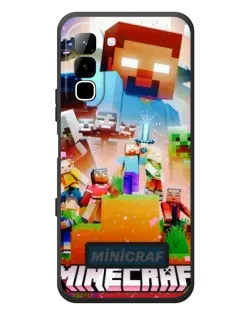 Чохол для Infinix Hot 70 з картинкою «Minecraft герої гри» Чохол для Infinix Hot 70 з картинкою «Minecraft герої гри»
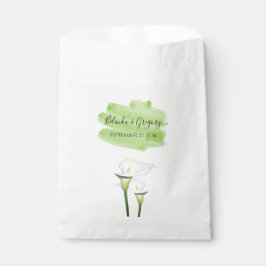 Sacolinha Casamento de Lírios Calla Branco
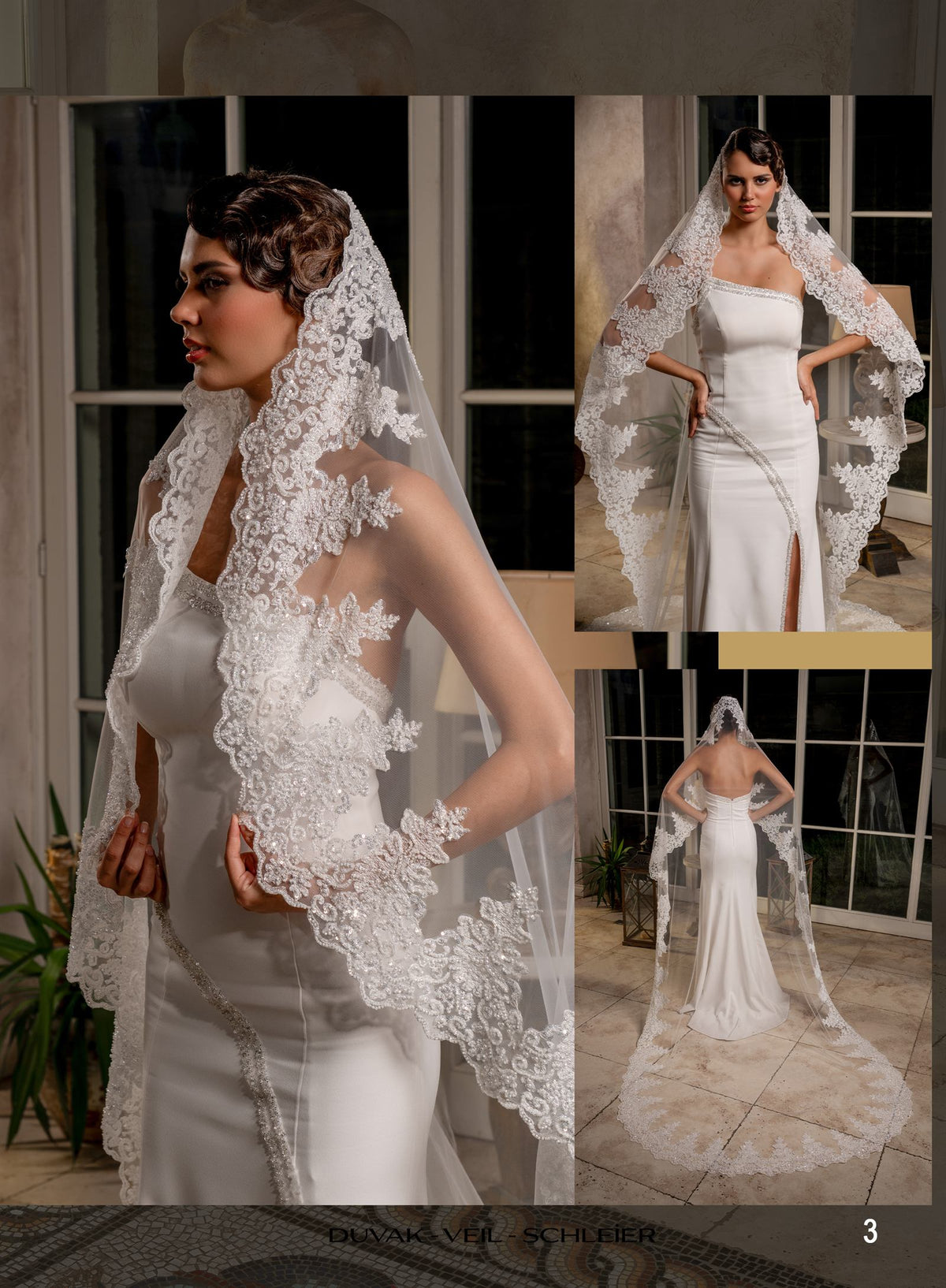 Premium 2.30 M – Yirtilmaz Tulle, Dayanikli, Makine (d416) Bridal Veil product photo 1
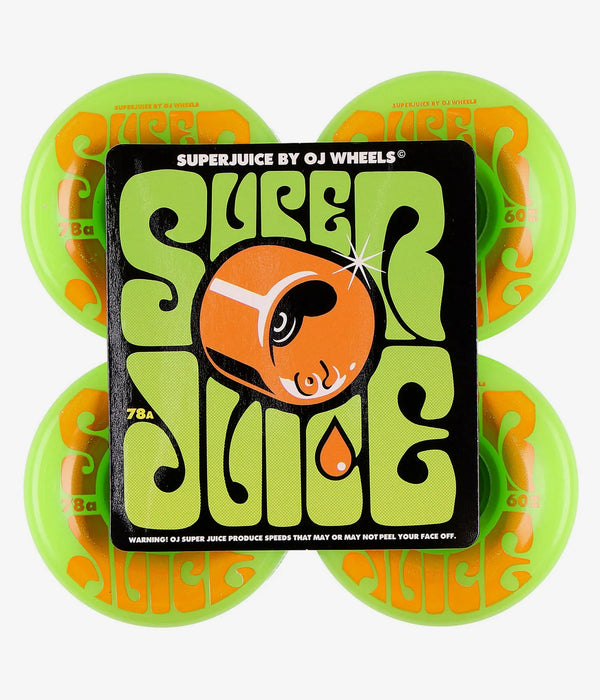 OJ Soft Wheels Super Juice 78a Green; 60MM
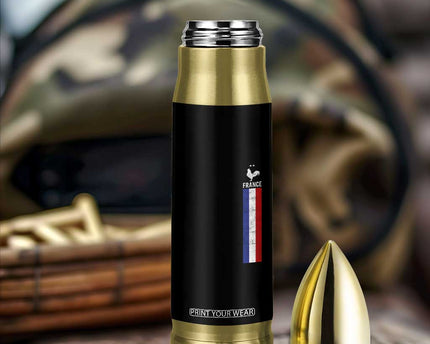 France Football Coq Soccer Throwback Jersey Style Bullet Tumbler Vintage French Flag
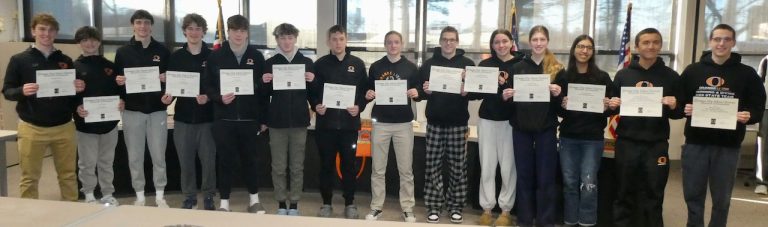 Winter athletes from Orange Excessive Faculty acknowledged by the Schooling Council
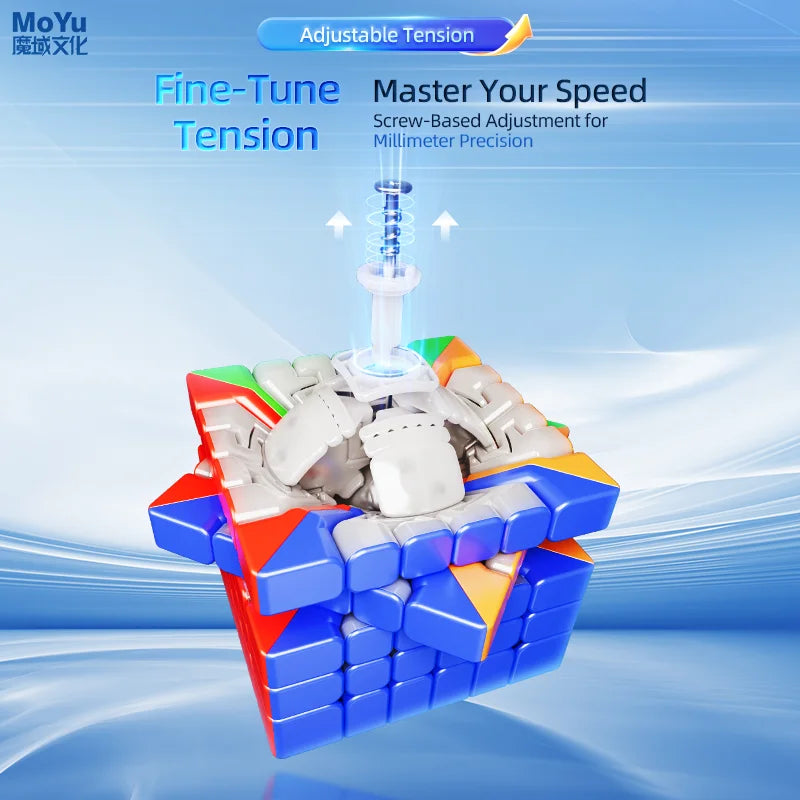 MoYu  Aoshi V4 6X6X6 M Dual Track Magic Cube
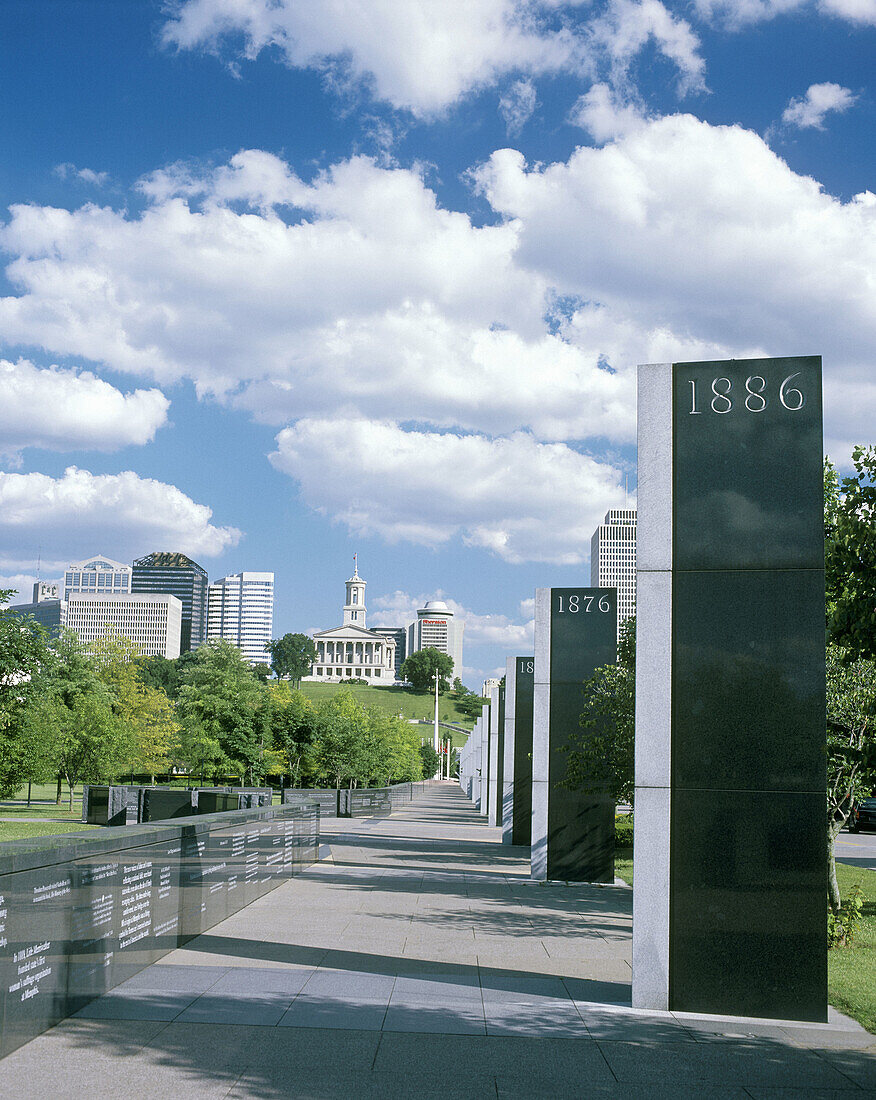 Pathway of Tennessee History, Bicentennial Mall. Nashville. Tennessee, USA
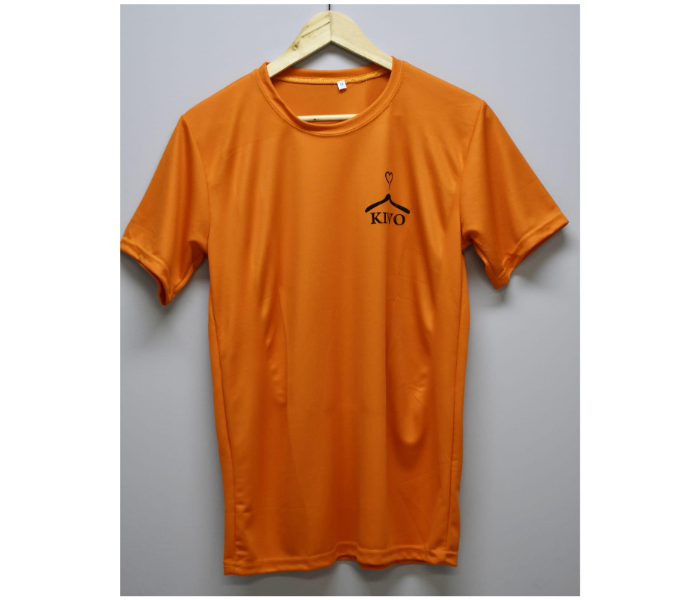 Kiwo Short Half Sleeve Medium Casual T-shirt For Men - Orange - Zoom Image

_What you should do:_
Transcribe exactly the span of lines from the line holding "Premium 2.30 M" through the last line above, both included. Pictures stay out.

_Result of the task:_
 Premium 2.30 M – Yirtilmaz Tulle, Dayanikli, Makine (d416) Bridal Veil product photo 1
 OJ Soft Wheels Super Juice 78a Green; 60MM
 France Football Coq Soccer Throwback Jersey Style Bullet Tumbler Vintage French Flag
 Winter athletes from Orange Excessive Faculty acknowledged by the Schooling Council
 MoYu  Aoshi V4 6X6X6 M Dual Track Magic Cube
 Pathway of Tennessee History, Bicentennial Mall. Nashville. Tennessee, USA
 Kiwo Short Half Sleeve Medium Casual T-shirt For Men - Orange - Zoom Image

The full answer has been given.